2.2. Flow cytometric analysis
After trypsinizing and harvesting 80–90% cultured rbHP-PCs, cells were washed with flow cytometric (FC) buffer. We used a 100 μl volume suspension of 1×106 cells with a fluorochrome-conjugated antibody: CD11b 1:100, CD90 1:100, CD81 1:100 (Thermo Fisher Scientific) in FC buffer and then cultured it at 4ºC for 30 min. A 100 μl volume suspension of a non-conjugated antibody, primary antibody CD34 1:100, CD29 1:100 (Thermo Fisher Scientific), CD44 1:100 (SeroTec, USA), was also made in FC buffer and cultured it at 4°C for 30 min. Then, a 100 μl volume incubation for a phycoerythrin (PE)-conjugated secondary antibody (1:100) (Thermo Fisher Scientific) was done in FC buffer at 4ºC for 30 min. After washing, 500 μl volume of 2% paraformaldehyde was added to fix the cell and a FC analysis was performed.
Cultured rbHP-PCs were harvested and seeded onto a 96-well plate (1x103 cells per well). After 24 hours, 10 ul CCK-8 reagents (Dojindo Laboratory, Kumamoto, Japan) were added and incubated for 2 hours. Then, the supernatant was transferred to a new plate, and the optical density was measured at a 450 nm wavelength.

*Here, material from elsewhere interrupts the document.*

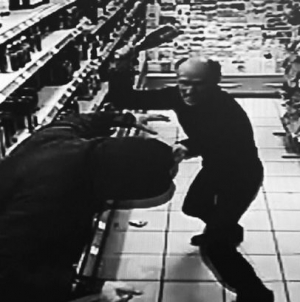 Man tackled a robbery scene by hitting the suspect with bottle of champagne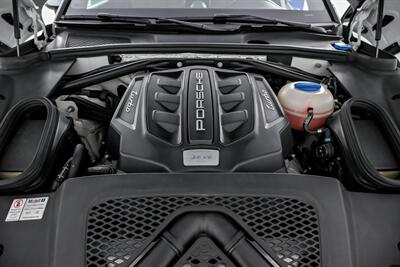 2016 Porsche Macan Turbo   - Photo 17 - Joliet, IL 60435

2.3. Reverse transcription-polymerase chain reaction
Total RNA of the rabbit hard palate tissue was isolated using a Qiagen RNeasy mini kit (Qiagen, Hilden, Germany). cDNA was synthesized into 1 μg RNA by using a Maxime RT premix kit oligo (dT) primer (Intron Biotechnology, Seongnam, Korea). Cycling conditions were as follows: initial denaturation at 98°C for 3 min and 30 seconds, 30 seconds at the annealing temperature, 30 seconds at 98°C, and 5 minutes of final elongation at 72°C. Details of the sequence of gene primers and the annealing temperatures are described in supplementary data.

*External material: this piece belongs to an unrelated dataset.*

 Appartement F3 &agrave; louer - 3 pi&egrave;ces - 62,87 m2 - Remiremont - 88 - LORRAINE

2.4. Osteogenic differentiation
To induce osteogenic differentiation, 6×104 cells per well of rbHP-PCs on a 24-well plate were seeded in MPC growth medium (Cambrex Biosciences Inc., Verviers, Belgium), which is composed of 2 mM L-glutamine, 10% FBS, 100 U/ml penicillin, and 100 μg/ml streptomycin. After culturing the cells until the density reached 100%, culture medium was replaced with a MPC osteogenic differentiation medium (Cambrex Biosciences Inc.), composed of 10% FBS, 50 μg/ml ascorbate, 10 mM β-glycerophosphate, 100 I.U./mL penicillin-100 μg/mL streptomycin, and 10 nM dexamethasone. 18 The culture medium was changed every 3 days for 21 days.

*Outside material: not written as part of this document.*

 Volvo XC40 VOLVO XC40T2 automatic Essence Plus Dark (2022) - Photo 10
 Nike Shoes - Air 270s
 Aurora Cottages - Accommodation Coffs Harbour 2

After removing the osteogenic differentiation medium from osteogenic differentiation-induced cells, the cells were washed with Dulbecco’s modified phosphate-buffered saline (DPBS) without Ca++/Mg++ (Thermo Fisher Scientific) and fixed for 30 minutes with 4% formaldehyde solution (Sigma-Aldrich, St. Louis, MO, USA). After washing twice with DPBS (without Ca++/Mg++), the cells were stained with alizarin red S working solution (Merck Millipore, Billerica, MA, USA) for 5 minutes. Thereafter the cells were washed two to three times more with DPBS (without Ca++/Mg++).
2.5. Chondrogenic differentiation
To induce chondrogenic differentiation, 3×105 rbHP-PCs in a 15 ml polypropylene conical tube (Thermo Fisher Scientific) were seeded and a 160 g centrifuge for 7 minutes was performed. The cells were cultured in a chondrogenic differentiation medium (Cambrex Biosciences Inc.) composed of 10% FBS, 10 ng/ml TGF-β3, 100 nM dexamethasone, 25 μg/ml ascorbate, and 100 μg/ml sodium pyruvate. 18 In 24 to 48 hours, the cells gathered to form a 3D aggregate shape. Culture medium was changed every 3 days for 21 days.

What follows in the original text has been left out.